### ACTIVITY
Please return, exactly and only, the lines beginning at the top of the entries below and ending with the line containing "Lokalizacja: Publiczna Szkoła"; keep out the pictures.
== DATA
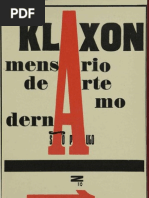 Revista Klaxon. 15 de maio de 1922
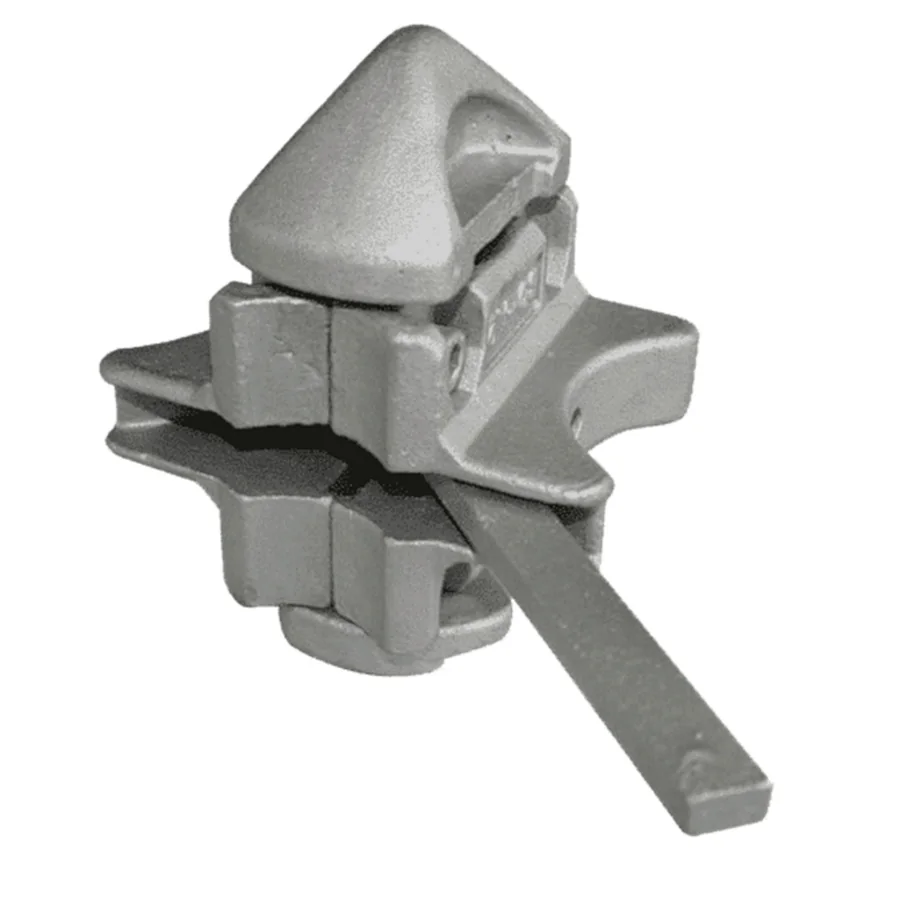 Manual twistlock for stacking shipping containers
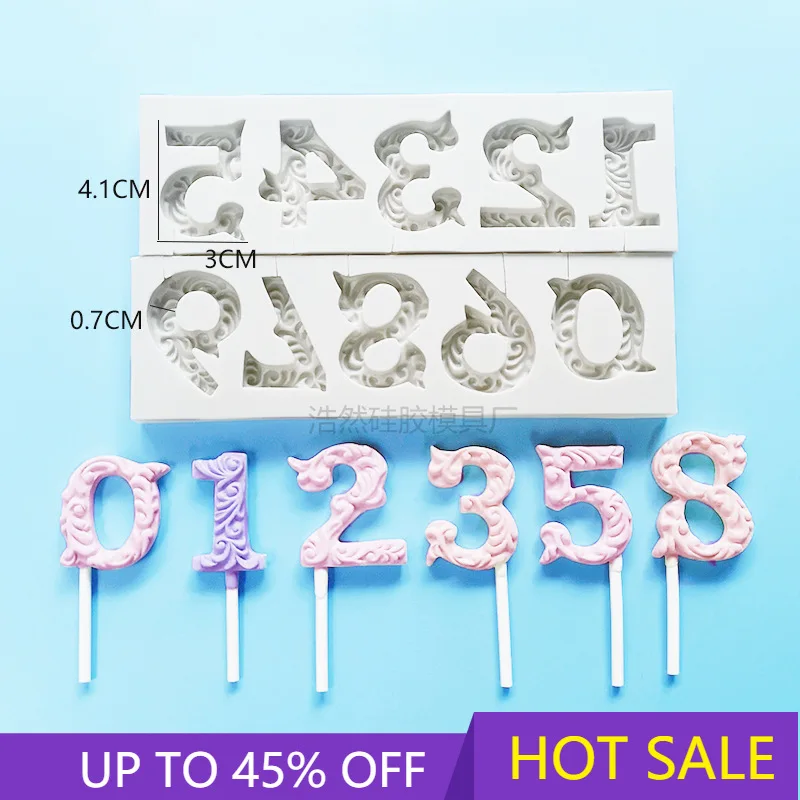 

0-9 Number Cake Mould Cutting Number DIY Baking Cake Stencils Templates for Wedding Birthday Anniversary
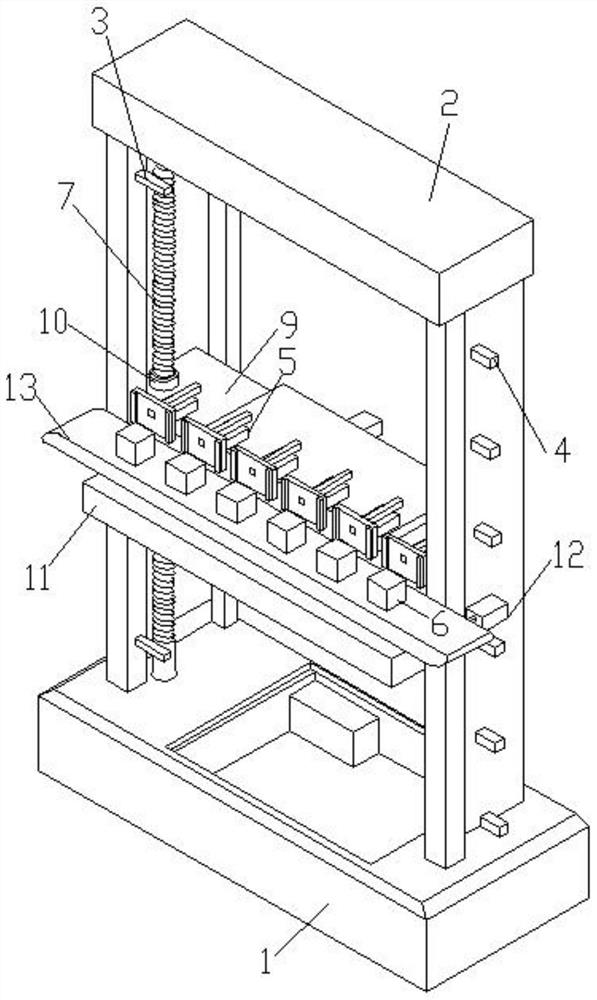 Intelligent stacking machine for concrete test pieces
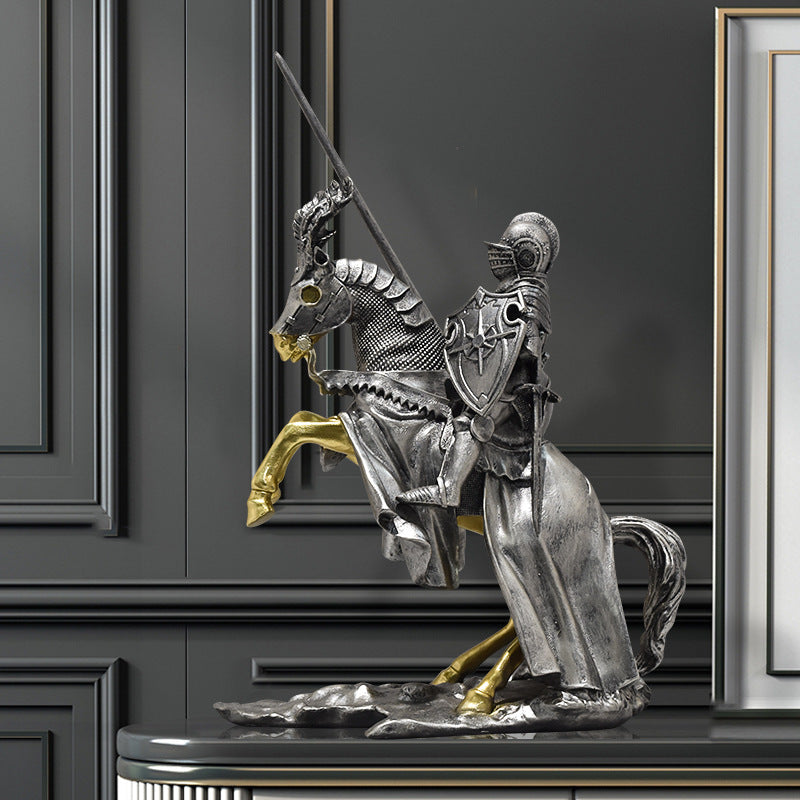 Ornements de chevalier rétro, décorations de bureau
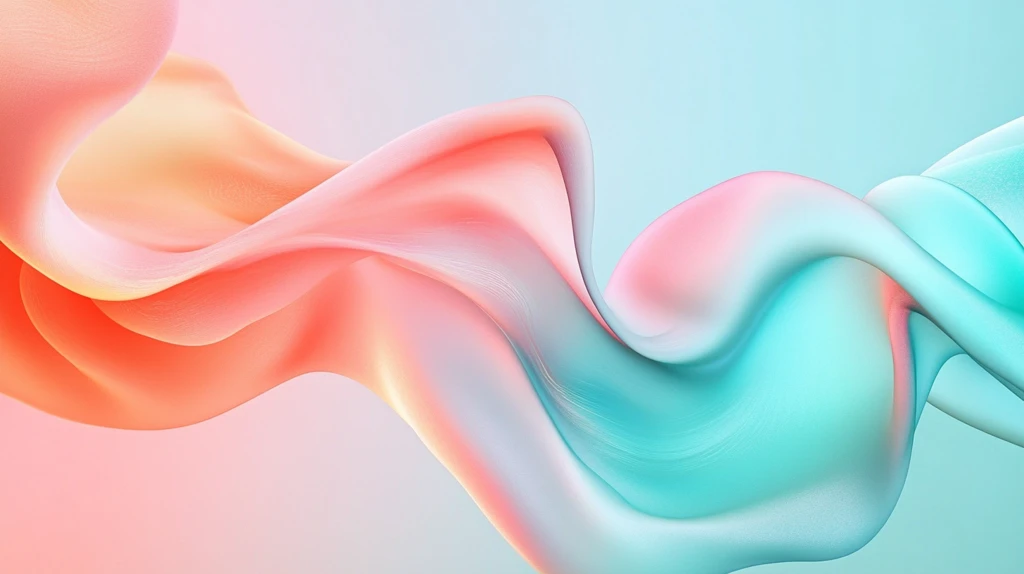 炫彩背景流体线条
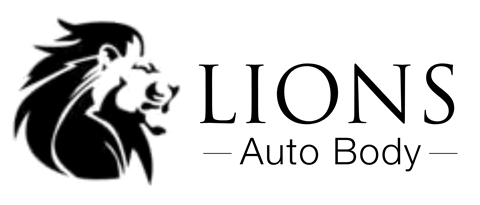 Lions Auto Body Logo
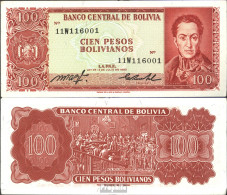 Bolivien Pick-Nr: 164a Bankfrisch 1983 100 Pesos Boliv. - Bolivie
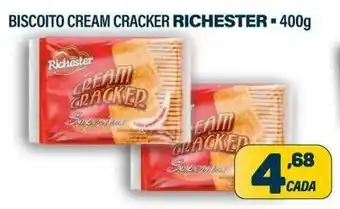 Dom Atacadista Biscoito Cream Cracker Richester 400g oferta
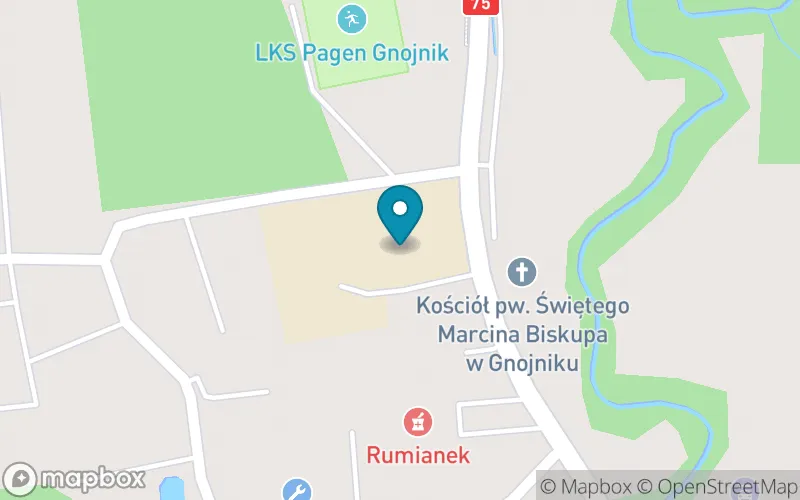Lokalizacja: Publiczna Szkoła Podstawowa im. Jana Pawła II w Gnojniku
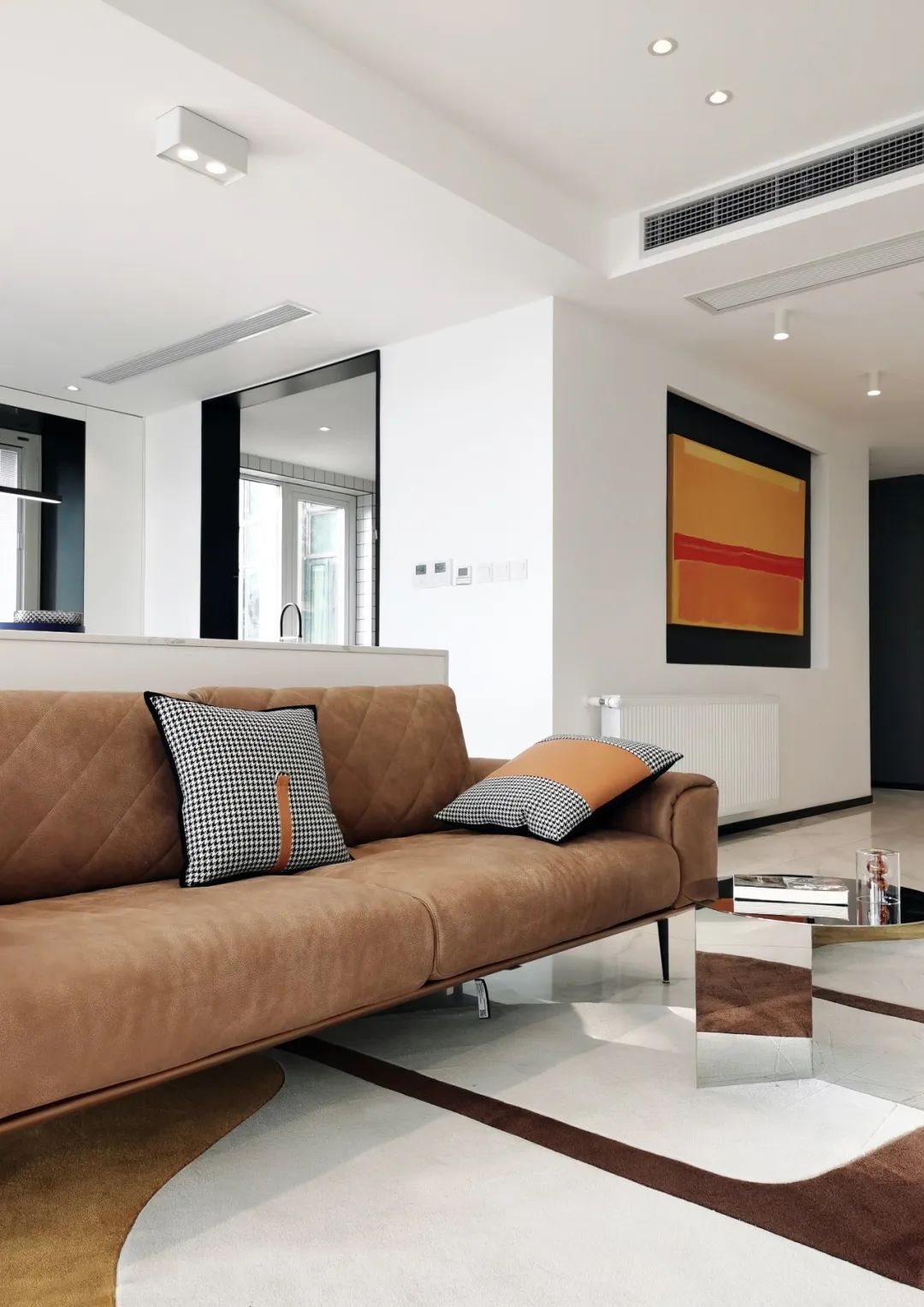 上海 180㎡空中别墅，温暖极简主义打造超美阳光房-22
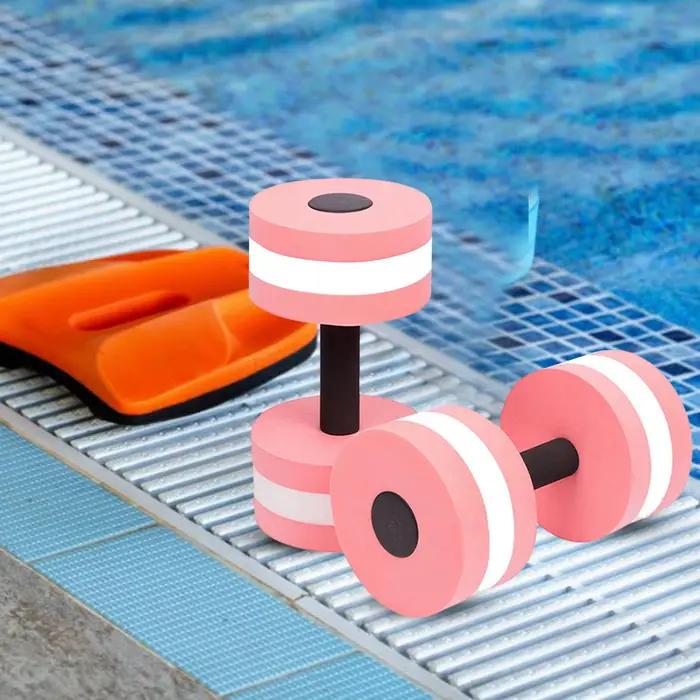 Haltères aquatiques flottants en mousse EVA, poids de natation multifonctionnels, équipement d'exercice aquatique, équipement de fitness confortable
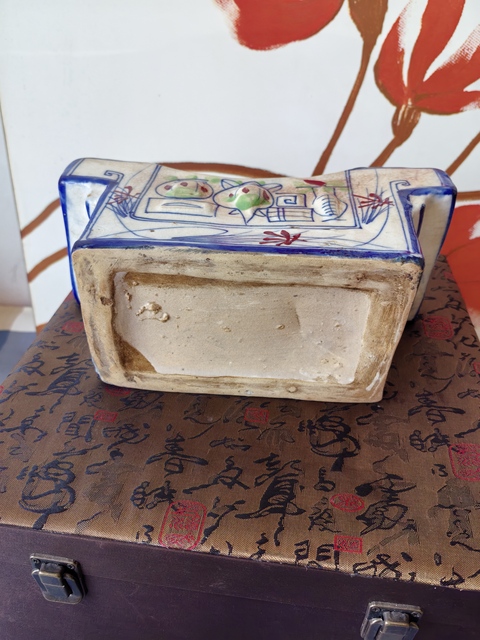 古玩陶瓷青花五彩花卉瓷忱拍賣,當前價格980元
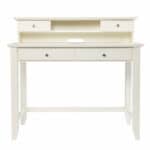 Creamy White Traditional Secretary Writing or Computer Desk 10 Creamy White Traditional Secretary Writing or Computer Desk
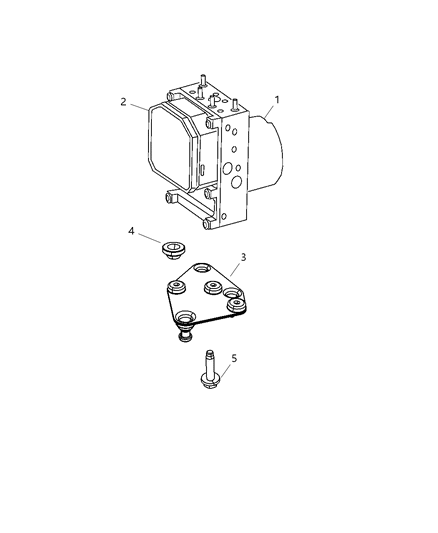 2007 Dodge Sprinter 3500 Control Unit Anti-Lock Brake Diagram for 68026567AA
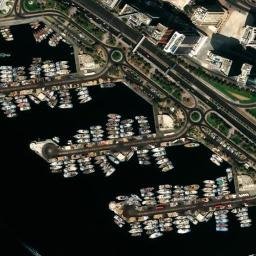 Satellite imagery of Burj Arbīft, AE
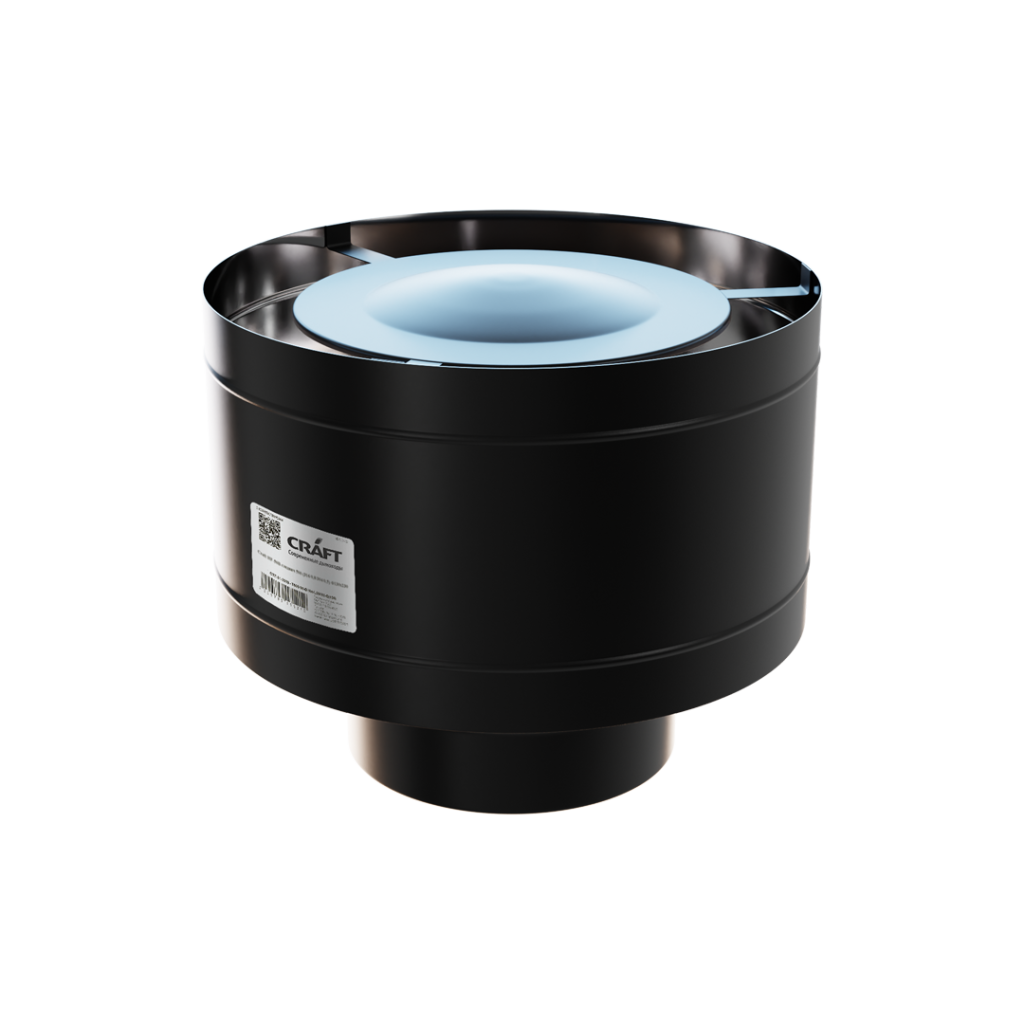 Зонт Craft нержавеющий (316/0,8 мм) ф150 с ветрозащитой по воде, черный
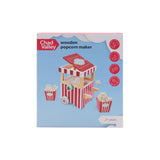 Chad Valley wooden popcorn maker with kernels and boxes (British brand)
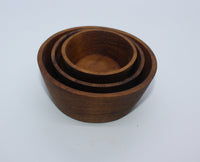 Small Bowl as Set of 3 (Teak)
====
### RESPONSE BOX
 Revista Klaxon. 15 de maio de 1922
 Manual twistlock for stacking shipping containers

0-9 Number Cake Mould Cutting Number DIY Baking Cake Stencils Templates for Wedding Birthday Anniversary
 Intelligent stacking machine for concrete test pieces
 Ornements de chevalier rétro, décorations de bureau
 炫彩背景流体线条
 Lions Auto Body Logo
 Bolivien Pick-Nr: 164a Bankfrisch 1983 100 Pesos Boliv. - Bolivie
 Dom Atacadista Biscoito Cream Cracker Richester 400g oferta
Lokalizacja: Publiczna Szkoła Podstawowa im. Jana Pawła II w Gnojniku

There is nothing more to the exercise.